> [Exercise goal] Your output should match the listing below word for word, without any images.
── Data excerpt
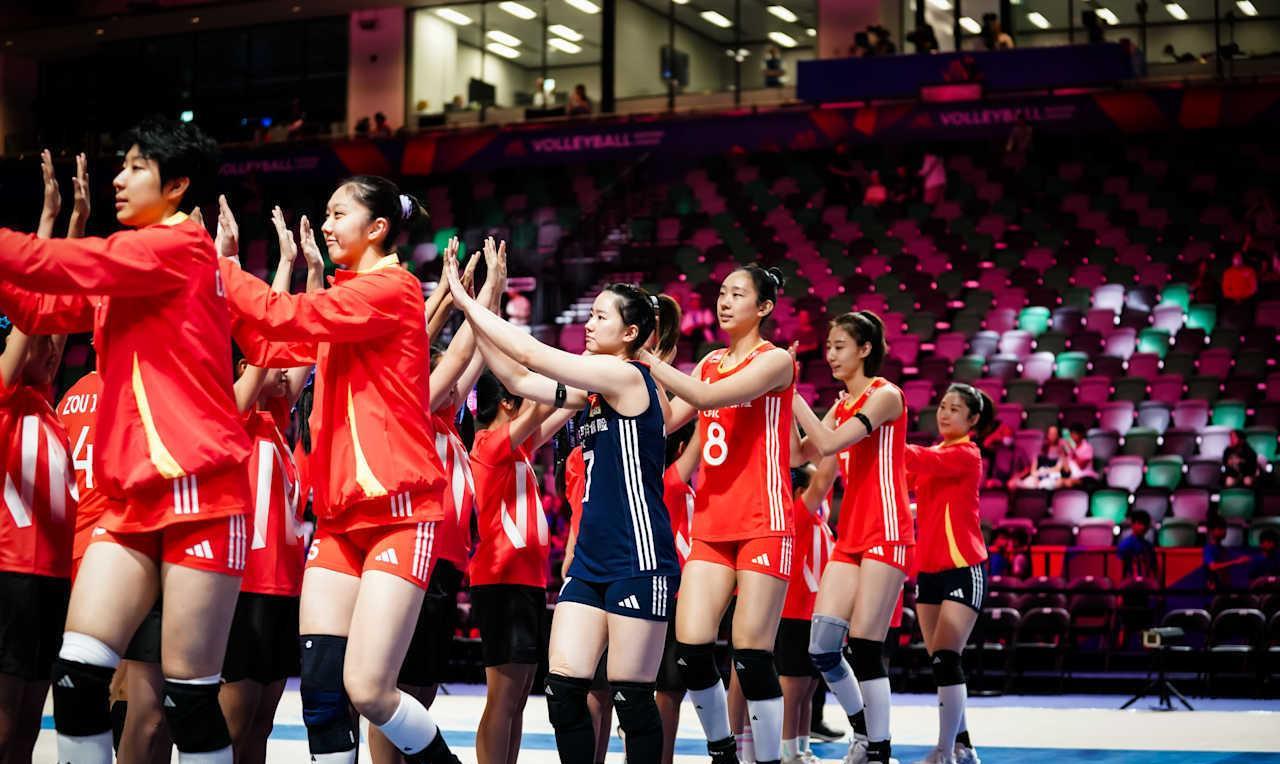U21女排从上届冠军跌至四强不入，那么球队为何会光速下滑呢？原因很简单，上届U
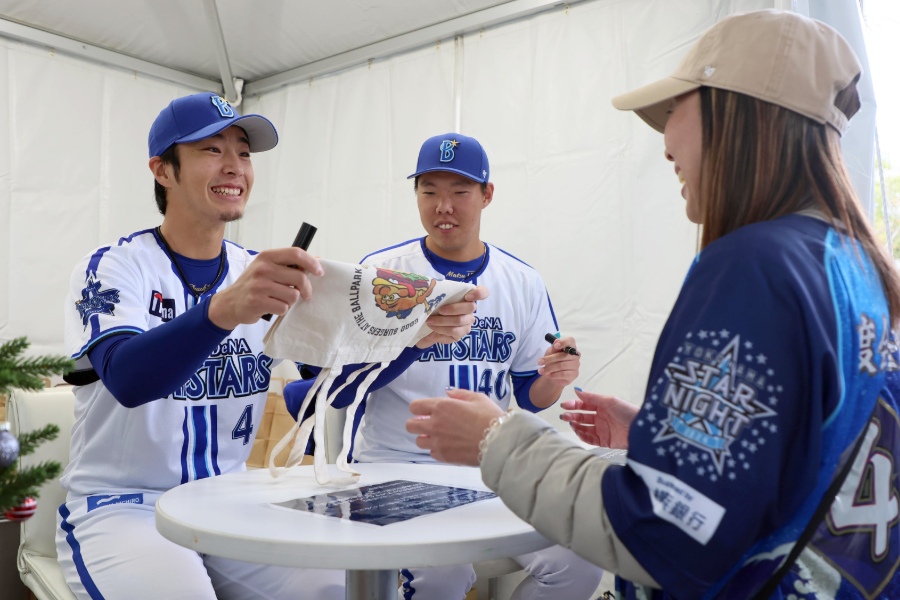 2024年のイベントでは松本隆（右）と一緒にファンと触れ合った【写真提供：産経新聞社】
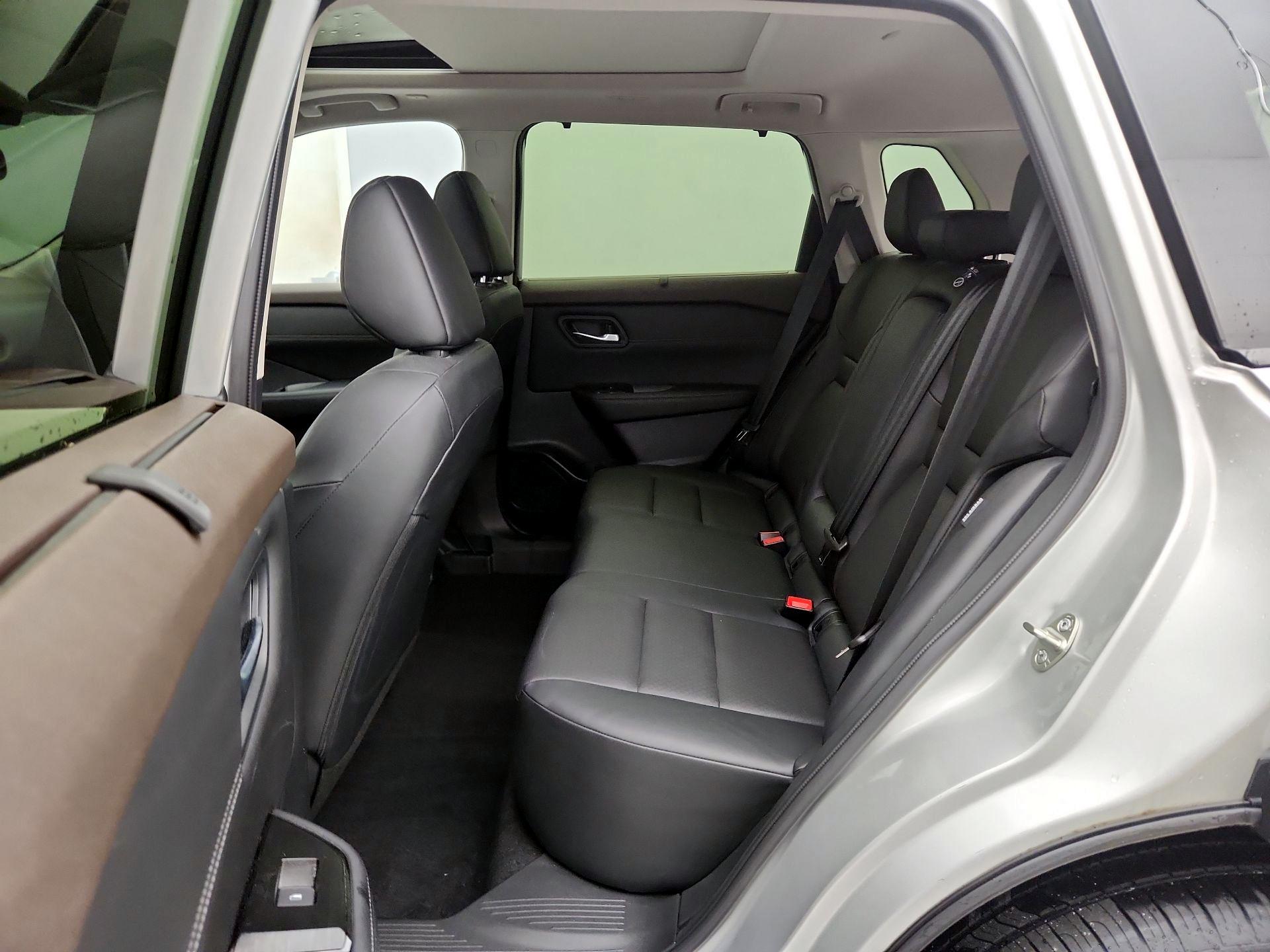 Thumbnail: 2023 Nissan Rogue - 20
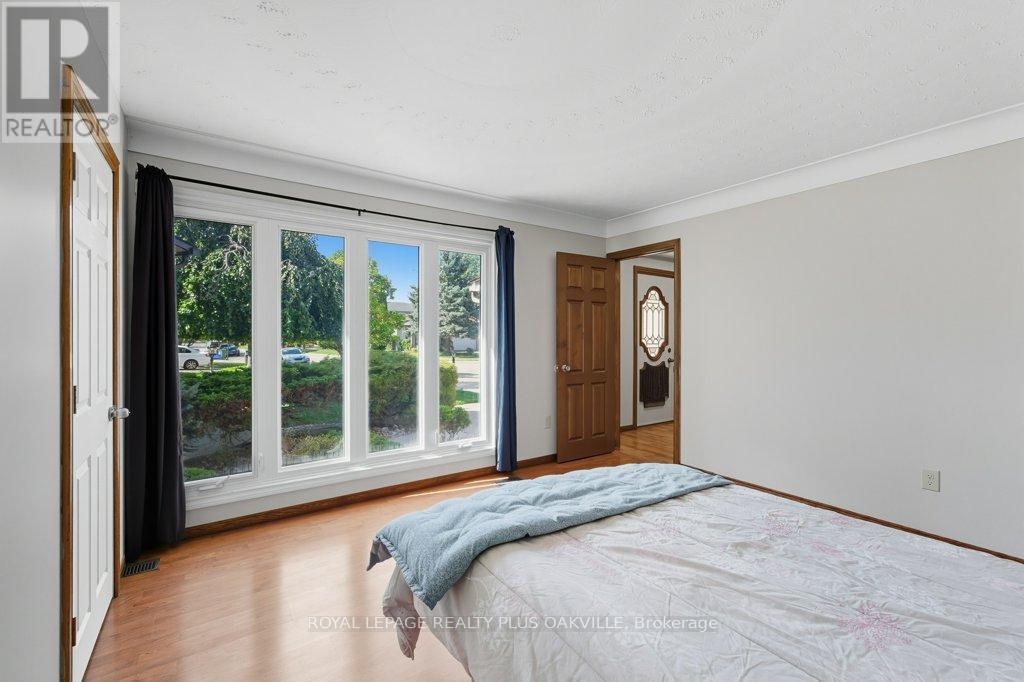 67 Horizon Court, Hamilton, Ontario  L9B 1W9 - Photo 8 - X12510604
────
> [Solution]
U21女排从上届冠军跌至四强不入，那么球队为何会光速下滑呢？原因很简单，上届U
 2024年のイベントでは松本隆（右）と一緒にファンと触れ合った【写真提供：産経新聞社】
 Thumbnail: 2023 Nissan Rogue - 20
 67 Horizon Court, Hamilton, Ontario  L9B 1W9 - Photo 8 - X12510604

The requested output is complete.